MARK CALCAVECCHIA: No. Well, no I am not playing Houston, but he has got the Pro Am on Monday at River Oaks. What I am going to do is fly to Houston like Sunday, practice Sunday afternoon play the Pro Am; then practice Tuesday with him; then fly to Atlanta for the next tournament.

Q. Mark, was it something in particular that you guys straightened out in your swing or setup?

MARK CALCAVECCHIA: Yeah, it is really pretty simple. I just got to picking the club up to abruptly and from that point -- and I got real lazy with my legs and when that happens I hit it both directions. So I just, you know, just trying to get good extension off the ball and then just hit the damn thing just once I get off to a good start, I can go on as hard as I want and that is what he likes.
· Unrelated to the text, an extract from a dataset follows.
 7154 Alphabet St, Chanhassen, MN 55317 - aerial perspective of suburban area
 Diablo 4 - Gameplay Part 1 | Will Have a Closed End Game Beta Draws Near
That is what he wants me to do. He wants me to be able to get in a position where I can just pound it as hard as I can and not worry about hitting it left. That is when I play my best. That is sort of almost where I am at.

Q. Do you talk with him much at all about playing Augusta?

MARK CALCAVECCHIA: No. I never have.

Q. Do you talk with him about playing about anything than the actual mechanics of the swing?

MARK CALCAVECCHIA: No, I don't sit there and talk strategy or certain ways I should play holes. I think I am smart enough to figure that out on my own. I have played enough golf here and Augusta to know what I want to do on the holes. It is just a question of doing it. That is where he comes into play. He might see something out on the golf course if he is out watching or doing TV or whatever he is doing, you know, that he will talk to me about afterwards like "Calc, I thought that was a bad play, hitting driver off of a certain hole" instead of: "Why not just hit an iron down there," that sort of thing; I will think about it. But, for the most part, he is just gets me ready to play. And lets me go from there.

WES SEELEY: Anything else?

End of FastScripts....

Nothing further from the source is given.